# Cancellation



## Strike Zone Charters (Jun 20, 2015)

Hey guys be the beneficiary of a 500.00 deposit due to a last minute cancellation this weekend. We are open for a overnighter both sat night and sun night on the 55ft Strike Zone Too. If interested please call Capt. Don 318-243-1189.


----------



## CCC (Sep 3, 2008)

Fishing for what, out of where, and remaining costs ? How many people can you accommodate ?


----------



## dustyflair (Nov 11, 2011)

First post. No reply. Forget it. I bet this will be a disaster. CCC it couldn't be more than six would be my guess and he prob wants $3,000


----------



## Strike Zone Charters (Jun 20, 2015)

We fish out of cypress cove marina in Venice La. We fish for everything from tuna, marlin, wahoo, deep dropping for grouper and other bottom fish also daytime and nightime swords. Our cost fro a 24 hour trip is normally 3500 plus fuel but we are offering it for 3000 plus fuel due to a last minute cancellation. We provide ice all bait and tackle, fish cleaning, lunch, and dinner. We can accomodate up to 6 people.


----------



## Strike Zone Charters (Jun 20, 2015)

Dusty Flair. Sorry I didnt respond to his reply to CCC response quick enough for you.
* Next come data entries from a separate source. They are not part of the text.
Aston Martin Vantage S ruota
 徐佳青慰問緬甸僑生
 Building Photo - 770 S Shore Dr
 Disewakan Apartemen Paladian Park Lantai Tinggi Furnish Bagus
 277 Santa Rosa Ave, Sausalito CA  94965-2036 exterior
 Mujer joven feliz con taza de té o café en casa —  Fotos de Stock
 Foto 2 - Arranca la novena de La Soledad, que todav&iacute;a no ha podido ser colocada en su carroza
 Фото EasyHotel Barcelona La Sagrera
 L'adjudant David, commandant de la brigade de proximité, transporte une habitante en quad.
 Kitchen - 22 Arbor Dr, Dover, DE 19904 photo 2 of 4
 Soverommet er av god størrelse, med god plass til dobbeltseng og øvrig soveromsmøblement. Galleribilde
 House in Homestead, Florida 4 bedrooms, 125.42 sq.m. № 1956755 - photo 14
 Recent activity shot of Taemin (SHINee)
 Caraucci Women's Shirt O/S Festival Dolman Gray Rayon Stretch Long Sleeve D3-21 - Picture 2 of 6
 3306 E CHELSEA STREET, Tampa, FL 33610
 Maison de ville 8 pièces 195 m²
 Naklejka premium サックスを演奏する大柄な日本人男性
We fish almost every day all day so we go to bed early and I do not hear my emails when they come in wich is the main reason I left my phone number because I will hear it ring. We have been posting on this site for years but recently changed our profile because we changed our email adress and contact info. We dont post a whole because of people like you who always have a negative response to anothers post. Before you start bashing people you should give them a chance.


----------